◆ Work item
Among the records that follow, set down only the lines from the one containing "The corresponding ultrasound" to the one containing "Welcome viewers. Here", both included, exactly.

◆ Exercise material
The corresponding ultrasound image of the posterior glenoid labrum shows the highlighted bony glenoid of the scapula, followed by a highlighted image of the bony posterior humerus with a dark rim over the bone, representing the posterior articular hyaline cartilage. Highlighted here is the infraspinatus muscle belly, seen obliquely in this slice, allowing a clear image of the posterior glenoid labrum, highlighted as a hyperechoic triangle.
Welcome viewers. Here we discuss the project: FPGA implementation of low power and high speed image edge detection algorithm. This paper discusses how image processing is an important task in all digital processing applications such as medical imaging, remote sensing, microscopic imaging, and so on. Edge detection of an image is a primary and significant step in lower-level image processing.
--
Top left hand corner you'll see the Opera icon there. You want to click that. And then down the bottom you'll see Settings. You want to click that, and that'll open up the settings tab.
==
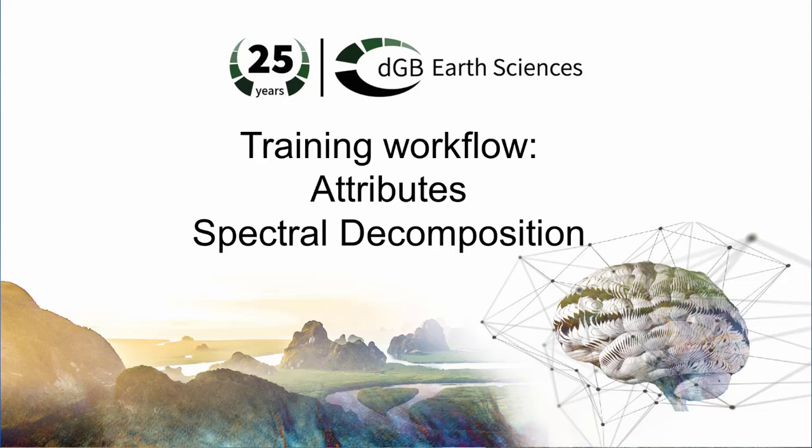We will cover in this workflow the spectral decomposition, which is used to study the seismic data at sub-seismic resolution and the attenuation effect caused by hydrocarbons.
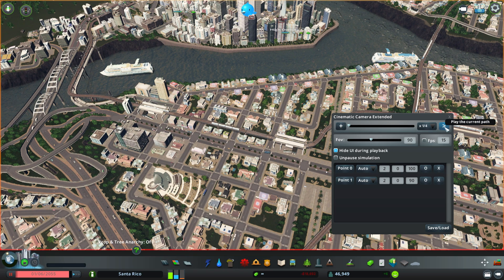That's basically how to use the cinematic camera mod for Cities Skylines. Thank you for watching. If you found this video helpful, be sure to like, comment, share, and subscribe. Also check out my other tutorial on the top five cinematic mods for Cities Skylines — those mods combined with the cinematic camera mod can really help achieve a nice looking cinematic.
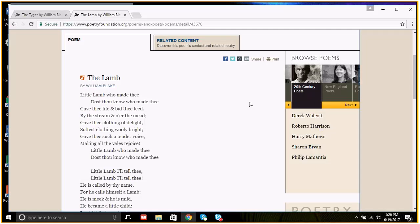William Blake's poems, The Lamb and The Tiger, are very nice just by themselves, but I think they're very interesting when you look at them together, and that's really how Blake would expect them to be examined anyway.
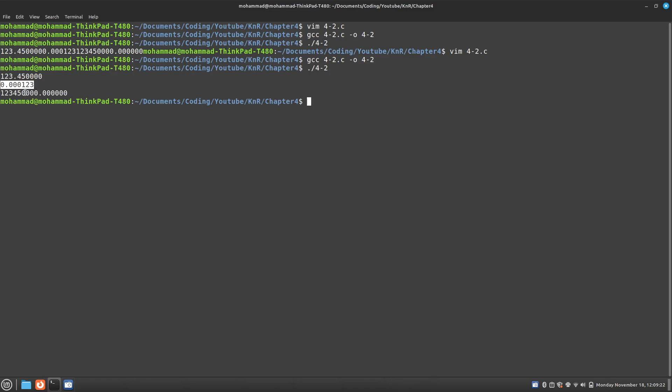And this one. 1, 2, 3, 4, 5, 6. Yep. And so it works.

◆ Output below
The corresponding ultrasound image of the posterior glenoid labrum shows the highlighted bony glenoid of the scapula, followed by a highlighted image of the bony posterior humerus with a dark rim over the bone, representing the posterior articular hyaline cartilage. Highlighted here is the infraspinatus muscle belly, seen obliquely in this slice, allowing a clear image of the posterior glenoid labrum, highlighted as a hyperechoic triangle.
Welcome viewers. Here we discuss the project: FPGA implementation of low power and high speed image edge detection algorithm. This paper discusses how image processing is an important task in all digital processing applications such as medical imaging, remote sensing, microscopic imaging, and so on. Edge detection of an image is a primary and significant step in lower-level image processing.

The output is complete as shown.